RESEARCH work bASED ON PHOTOGRAPHY AND ART IN THE STAATLICHE MUSEEN ZU BERLIN (HAMBURGER BAHNHOF – MUSEUM FÜR GEGENWART).
2017 | Berlin | 9 digital photographs | Text «Invisible, but in the know» by Pirmin Bossart | Translation by Dr. René Stettler
Invisible, but in the know
They have something they would like to tell us. The attendants in exhibition spaces standing around and guarding the value of art. The watchdogs of the traditional museum. Monitoring personnel. Guards. Personnel that, in a way, casts a long shadow between the artwork and the viewer. Among them we never feel completely undisturbed. And we ask ourselves: is this a visionary museum?

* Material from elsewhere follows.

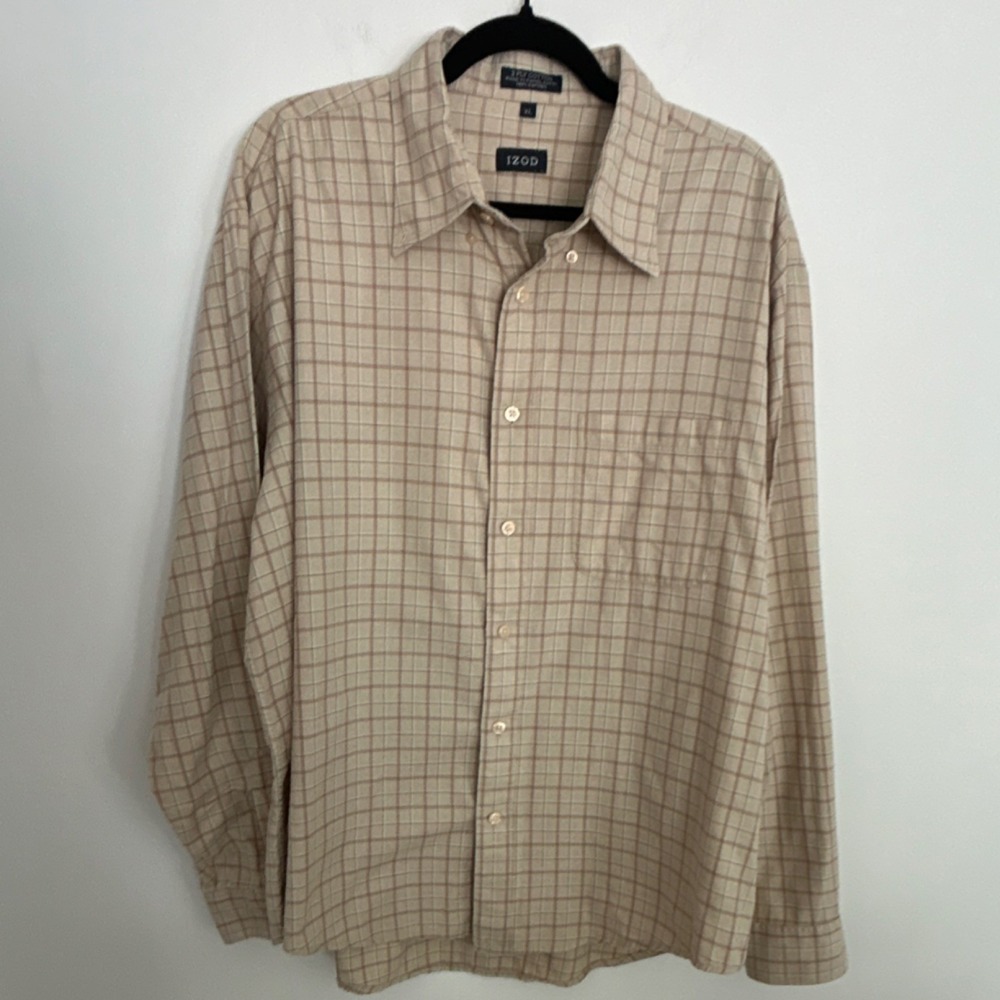 IZOD Men's Beige Brown Check Cotton Button-Up Shirt XL PC-750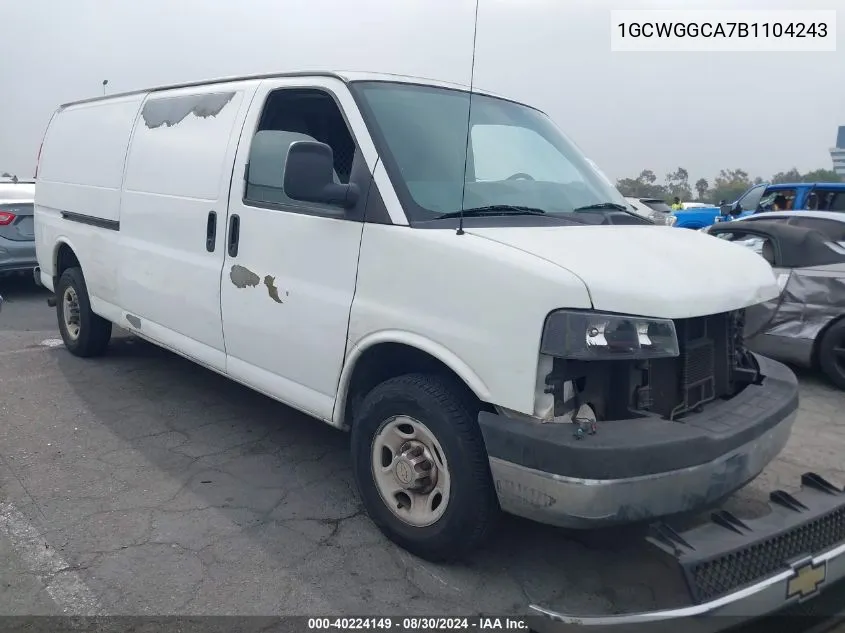 2011 Chevrolet Express 2500 Work Van VIN: 1GCWGGCA7B1104243 Lot: 40224149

Art exhibitions tell stories, engage us in confrontations, convey emotions. Who knows better than the attendants spending their time day in and day out in exhibition spaces? These mute men and women in suits are there when the artworks are set up. They witness the artists’ behaviours and the way they speak. They hear their voices, follow their gestures, figure out ideas. They watch how the artworks are positioned and they see them later staged. They become absorbed in thought and develop attitudes. They are also aware of the visitors’ behaviours. They hear whispered comments, throat-clears, and spoken words. They catch distinct glimpses and see how people are transformed. How looks are changing when people get stuck with thoughts, are amazed, scared, and delighted. Who could comment on these observations better than they do?
The research based on photography and art in the Staatliche Museen zu Berlin (Hamburger Bahnhof – Museum für Gegenwart) provides a document of this quiet potential and draws conclusions from reflective inquiries. It takes the attendants seriously and gives them a new status: they could all become part of an engaging speaking experience about art! And they could also become part of the art experience itself. Boredom would turn into engagement. At the same time, the art museum could become a future-oriented place by converting its visitors into real clients. Who would benefit more from this whole enterprise and the exhibited artworks than these clients?
A new perspective is opening up with the help of the attendants who are now actors in art communication. Their knowledge is based on the long-term experience of observation, and this is what visitors don’t have. These attendants can activate their observations and impressions by means of knowledge communication, and in order to bring personal experiences into play. They won’t stand apart, but in the Museum of the Future they’ll talk about art.